[Excerpted records — start]
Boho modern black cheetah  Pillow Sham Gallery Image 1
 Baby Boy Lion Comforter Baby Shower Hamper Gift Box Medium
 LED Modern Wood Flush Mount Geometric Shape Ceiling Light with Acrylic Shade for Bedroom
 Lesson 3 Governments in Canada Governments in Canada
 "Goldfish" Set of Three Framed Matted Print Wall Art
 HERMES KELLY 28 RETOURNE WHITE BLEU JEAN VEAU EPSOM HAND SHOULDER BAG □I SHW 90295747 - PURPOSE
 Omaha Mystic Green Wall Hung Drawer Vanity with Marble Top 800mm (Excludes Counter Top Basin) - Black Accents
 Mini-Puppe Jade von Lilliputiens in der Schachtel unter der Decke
[Excerpted records — finish]
## What you need to do
All records shown above need to be written out again verbatim.

## Response for this exercise
Boho modern black cheetah  Pillow Sham Gallery Image 1
 Baby Boy Lion Comforter Baby Shower Hamper Gift Box Medium
 LED Modern Wood Flush Mount Geometric Shape Ceiling Light with Acrylic Shade for Bedroom
 Lesson 3 Governments in Canada Governments in Canada
 "Goldfish" Set of Three Framed Matted Print Wall Art
 HERMES KELLY 28 RETOURNE WHITE BLEU JEAN VEAU EPSOM HAND SHOULDER BAG □I SHW 90295747 - PURPOSE
 Omaha Mystic Green Wall Hung Drawer Vanity with Marble Top 800mm (Excludes Counter Top Basin) - Black Accents
 Mini-Puppe Jade von Lilliputiens in der Schachtel unter der Decke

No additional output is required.